How to find all URLs using Selenium
A step-by-step guide on how to find all URLs using Selenium.
Important: we’ll use a real-life example in this tutorial, so you’ll need Selenium library and browser drivers installed.
from selenium.webdriver.common.by import By
link_elements = driver.find_elements(By.TAG_NAME, "a")
for link in link_elements:
print (link.get_attribute("href"))
NOTE: In the code above, we’re getting all elements with <a> tag and iterating through them to print out their href attribute.
This is the output of the script. It shows the elements you’ve just scraped.
Full code so far:
from selenium import webdriver
from selenium.webdriver.common.by import By
import re
driver = webdriver.Chrome()
driver.get("http://books.toscrape.com/catalogue/a-light-in-the-attic_1000/index.html")
link_elements = driver.find_elements(By.TAG_NAME, "a")
for link in link_elements:
print (link.get_attribute("href"))
driver.quit()
Find Links Using CSS or XPath Selectors
Step 1. We’ll use our main page in the example to get the URLs of the reviews we can find on our home page.
Inspect the page source. You can see that all of these links have one thing in common – reviews/ string present in their href attributes. That’s what you need to select.
Step 2. You can write the CSS and XPath selectors in this way:
elements_by_css = driver.find_elements(By.CSS_SELECTOR, "a[href*='reviews/']")
elements_by_xpath = driver.find_elements(By.XPATH, "//a[contains(@href,'reviews/')]")

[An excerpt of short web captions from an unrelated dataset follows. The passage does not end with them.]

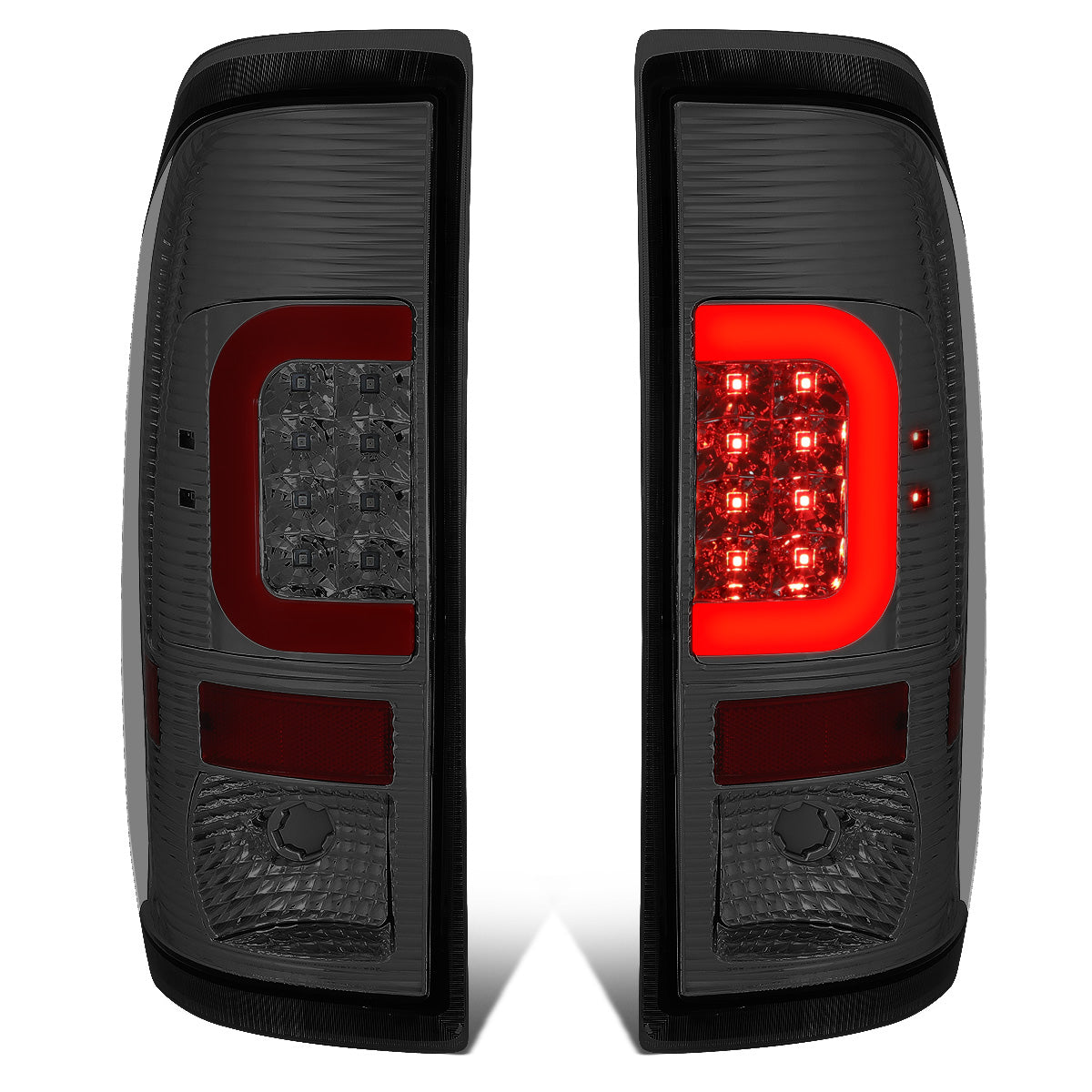 FAROS TRASEROS 08-16 FORD F-250, F-350, F-450, F-550 - SUPER DUTY / 09-16 FORD F-350, F-450 / 15-16 FORD F-550 - RED C-BAR - 3D - LED - CHROME / SMOKE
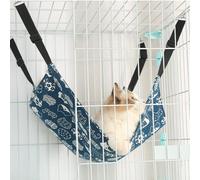 Llpsmeng Cama hamaca reversible transpirable de ratán para mascotas, conejo, ardilla, hurón, cachorro, conejo, gatito, perros pequeños (azul, grande)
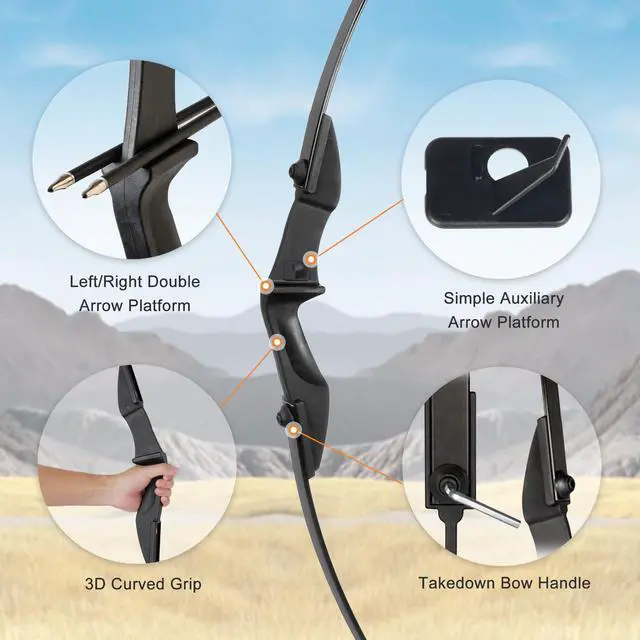 Alt view image 2 of 7 - Recurve Bow and Arrow SetTakedown Recurve Bows Archery for Adults Left and Right Hands 40lbs Archery Set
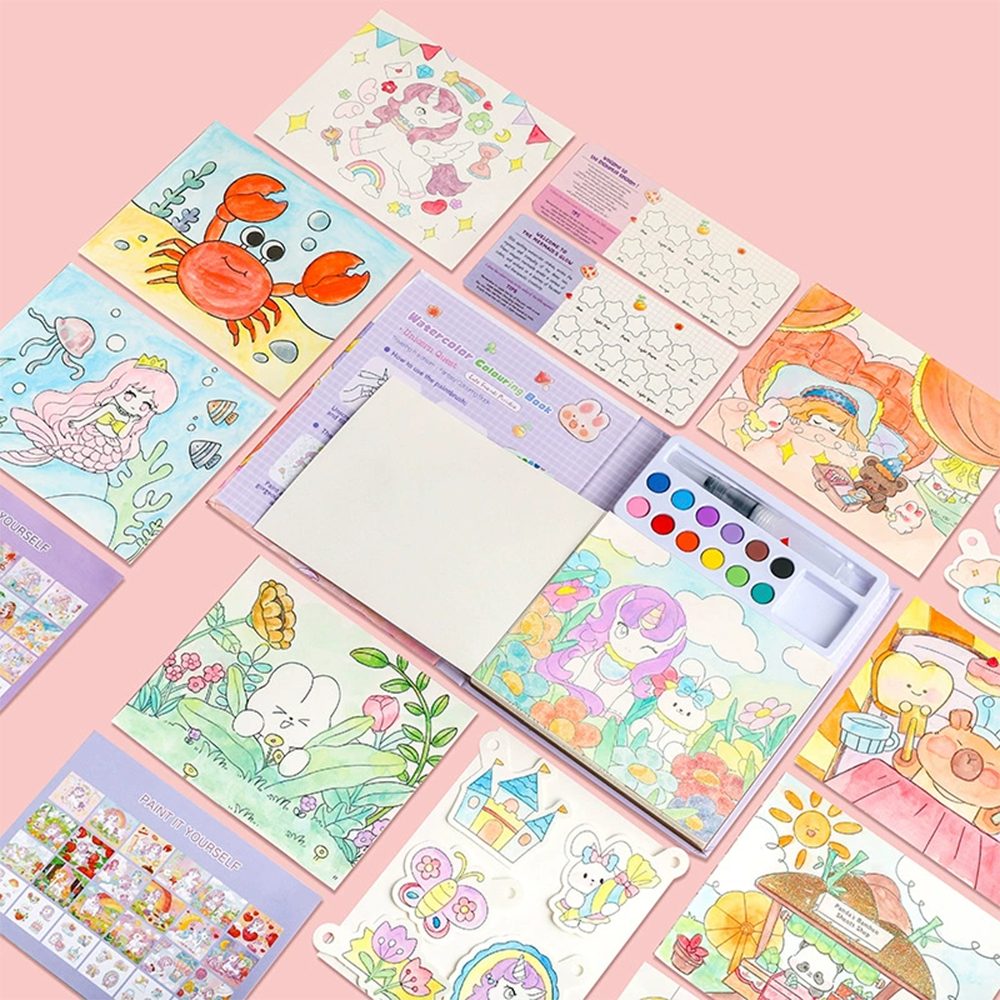 Flintry Malvorlage Wasserfarben Malset Kinder mit Wasserstift, kreatives Malbuch ab 3, Malbuch Kinder mit Wasserstift und Wasserfarben, kreatives Bastelset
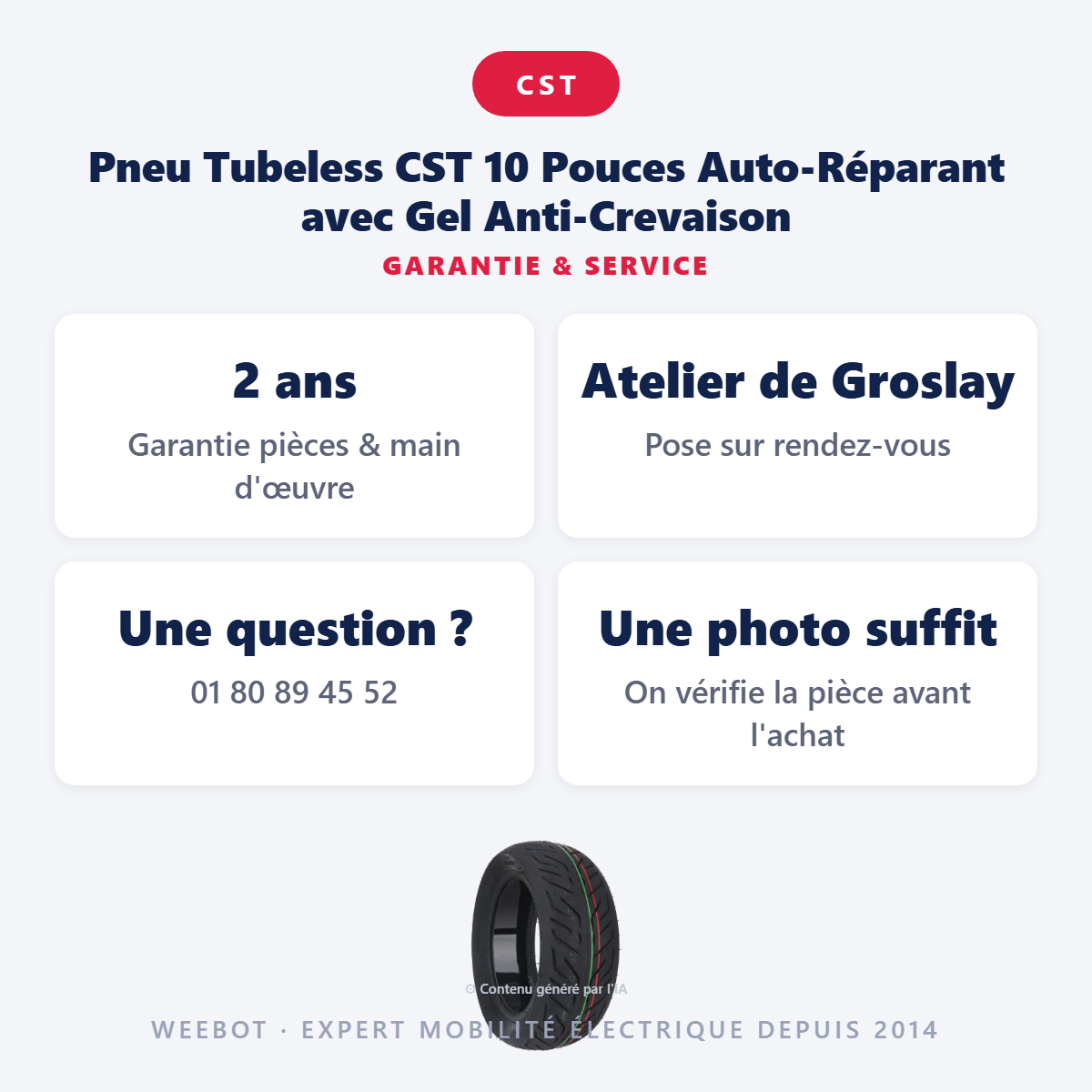 Pneu Tubeless CST 10 Pouces Auto-Réparant avec Gel Anti-Crevaison : garantie 2 ans et service après-vente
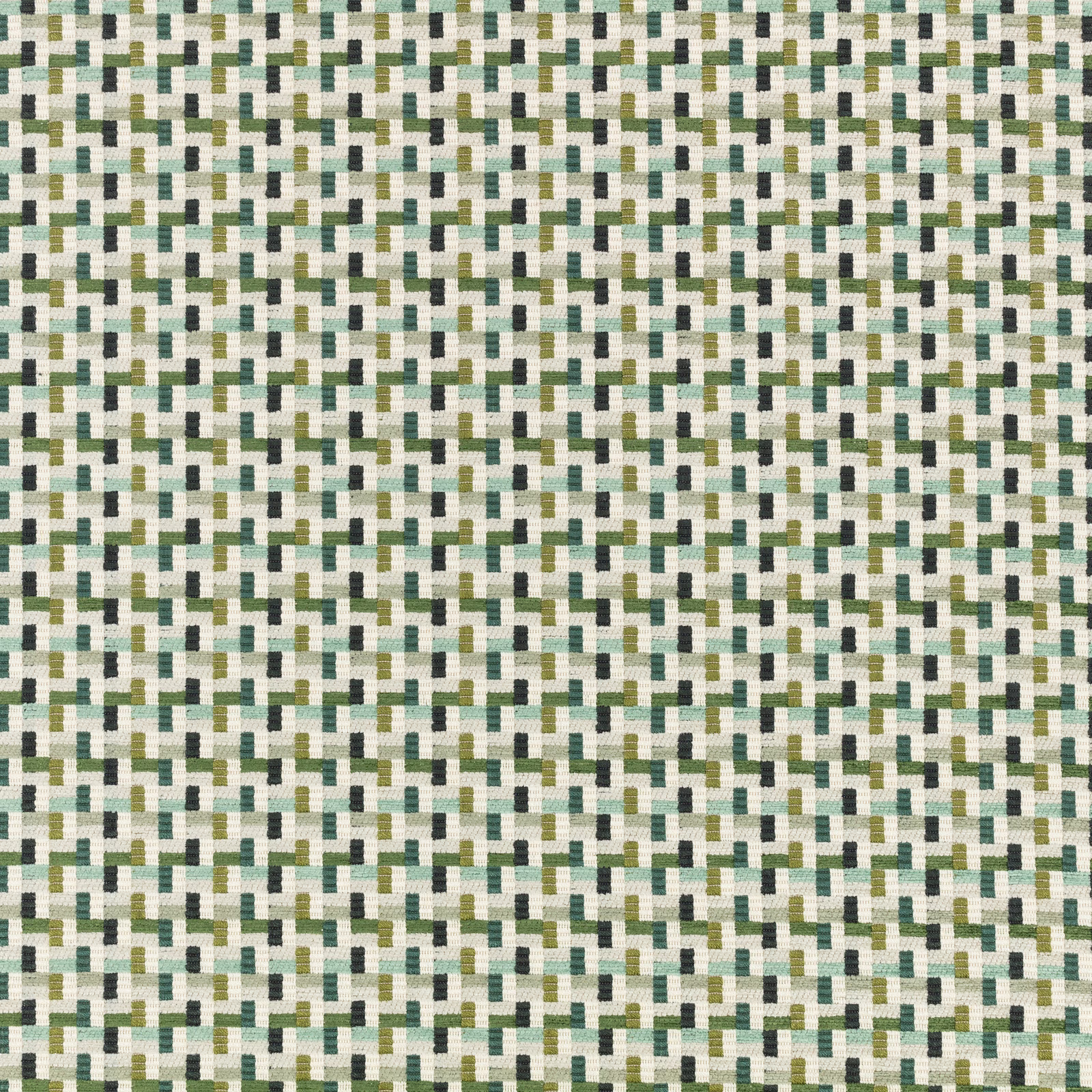 Cream woven fabric with sage, olive and deep green broken geometric flecks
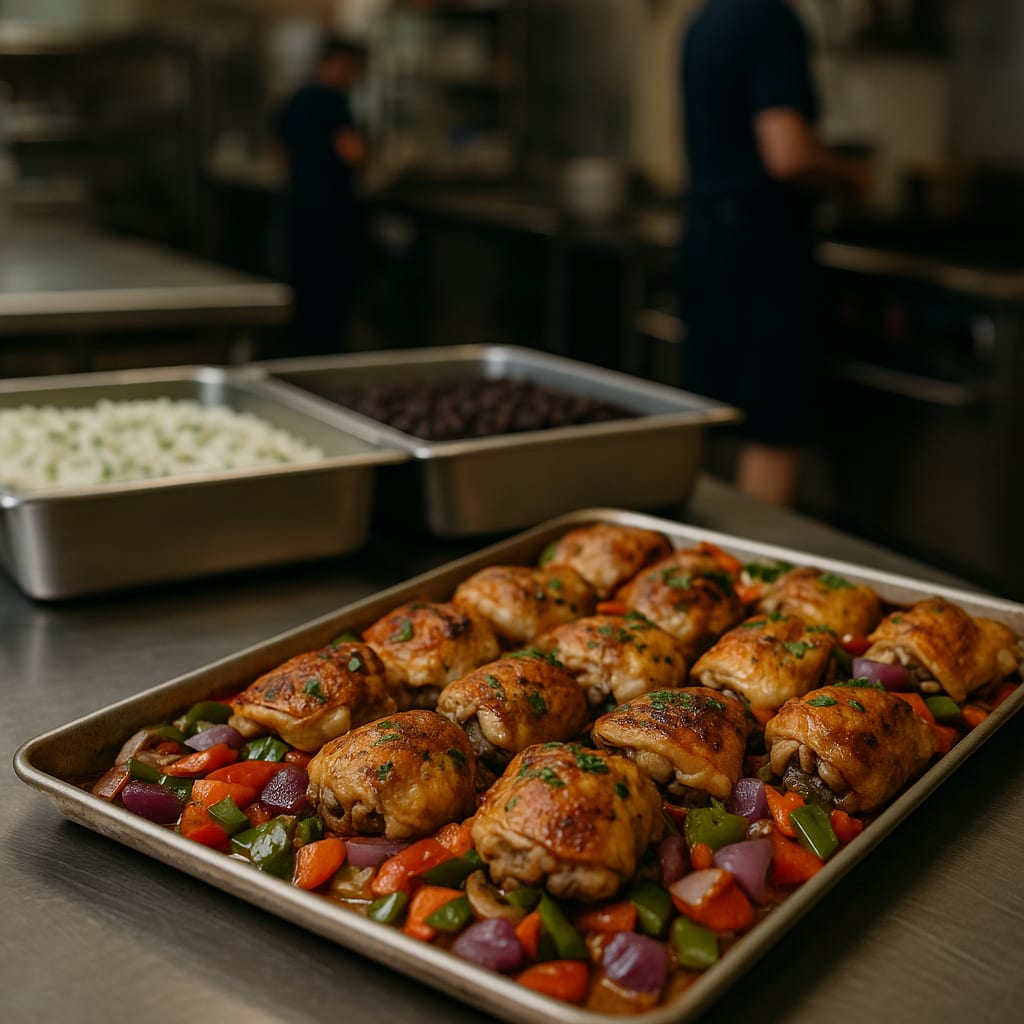 Honey Lime Chicken Tray — bone-in chicken thighs, red bell pepper, green bell pepper, and red onion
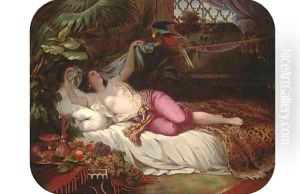 A parrot entertaining a harem favourite by German School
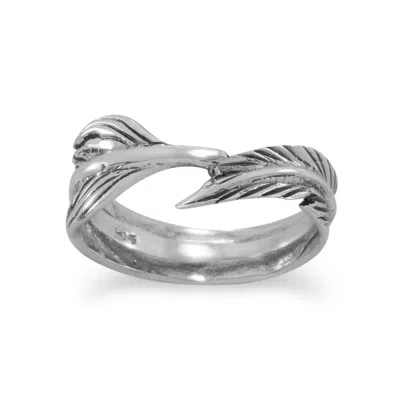 Fashnzfab Oxidized Feather Wrap Ring In Purple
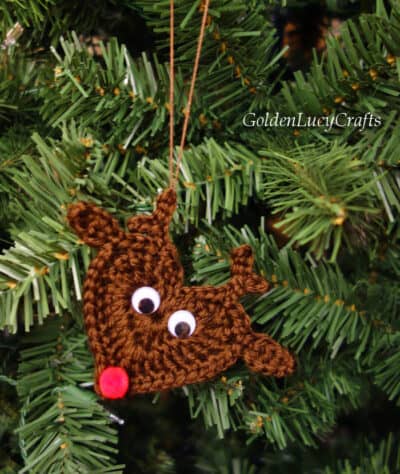 Crochet reindeer Christmas ornament.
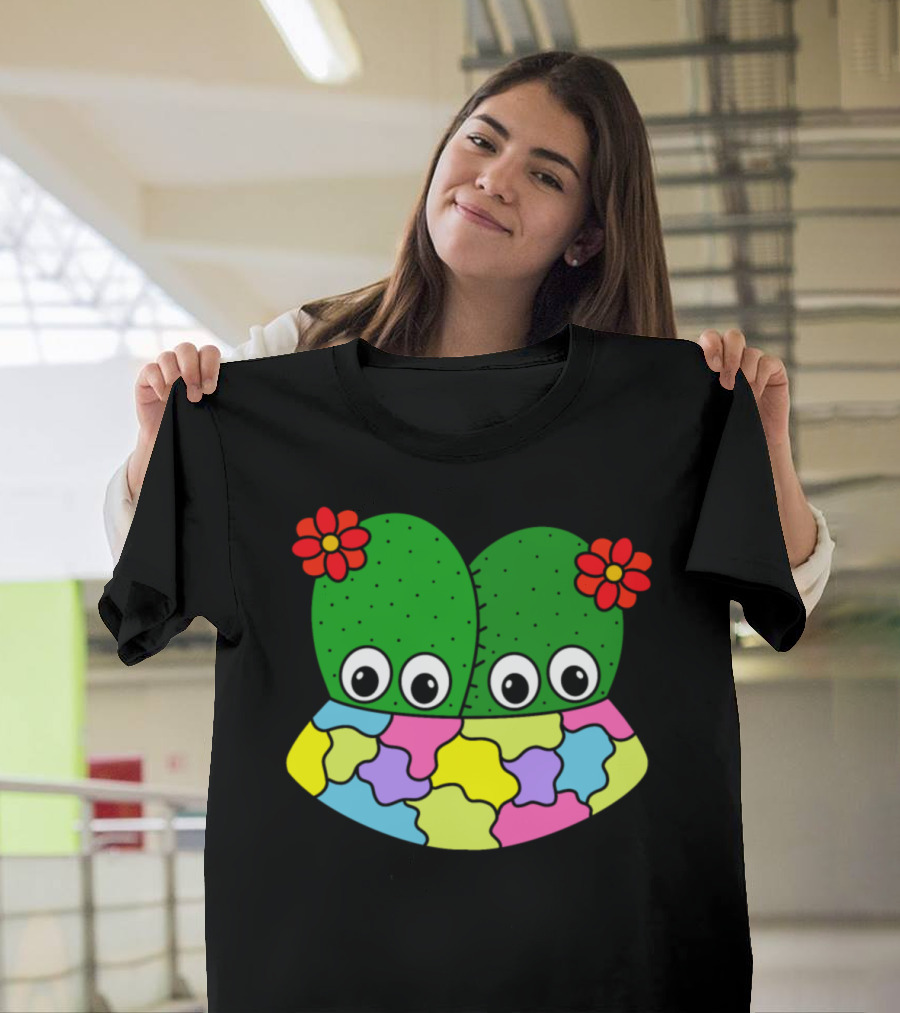 Cacti Couple with Flowers in Vibrant Patchwork Pot T-Shirt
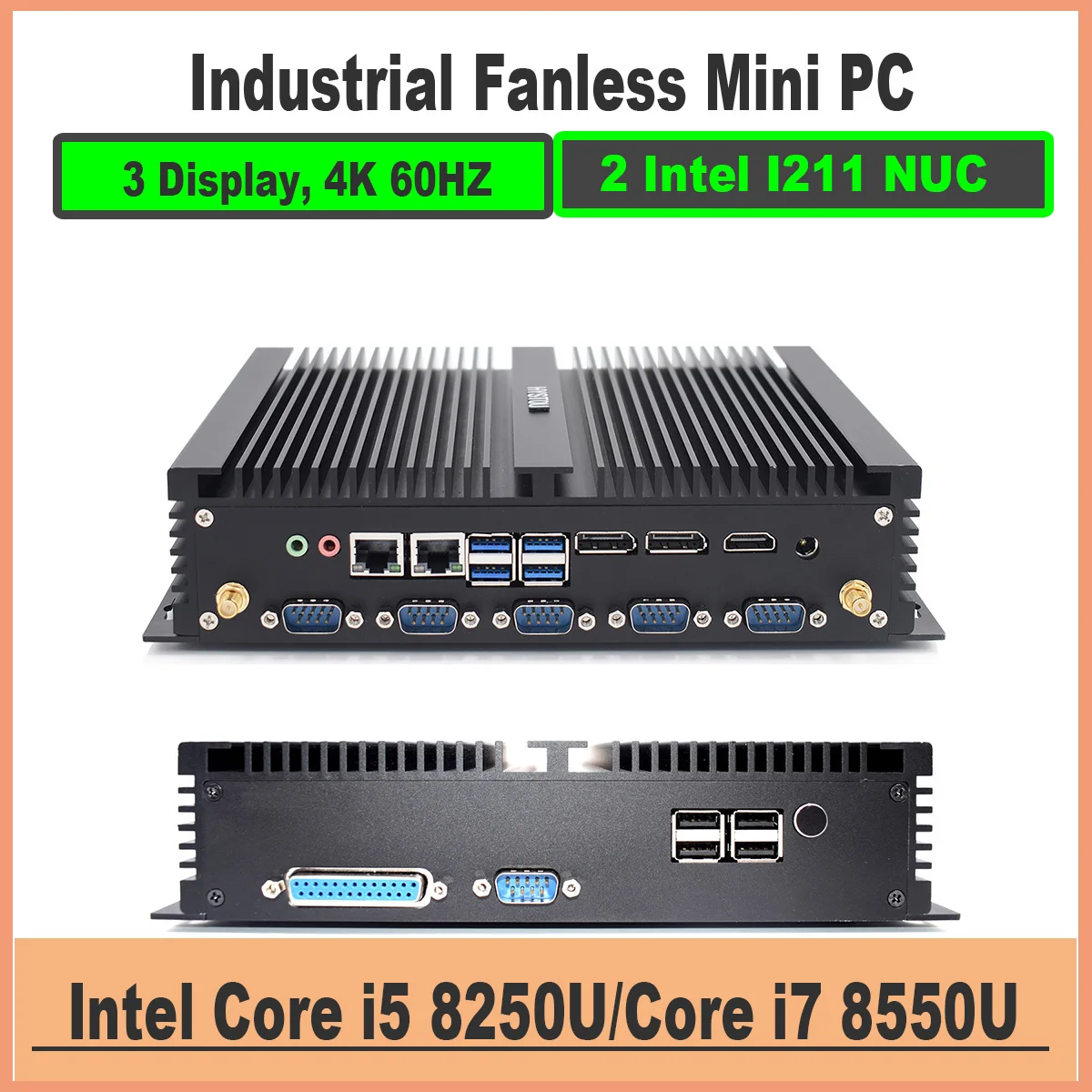 Core i7 8550U промышленный Мини компьютер core i5 8250U 2 intel NUC Lan HDMI DP EDP LPT SIM четырехъядерный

NOTE: Both of them are looking for <a> tags within the document with a href tag containing a reviews/ substring.
Step 3. You can add a couple more lines of code to print everything out. The whole script looks like this:
from selenium import webdriver
from selenium.webdriver.common.by import By
driver = webdriver.Chrome()
driver.get("https://proxyway.com")
elements_by_css = driver.find_elements(By.CSS_SELECTOR, "a[href*='reviews/']")
elements_by_xpath = driver.find_elements(By.XPATH, "//a[contains(@href,'reviews/')]")
print ("By CSS:")
for link in elements_by_css:
print (link.get_attribute("href"))
print ("By XPath:")
for link in elements_by_xpath:
print (link.get_attribute("href"))
driver.quit()
This is the output of the script. It shows the links you’ve just scraped.
NOTE: You can see that both selectors return the same links. Some duplicates can be easily filtered out after creating a new list to store unique online links.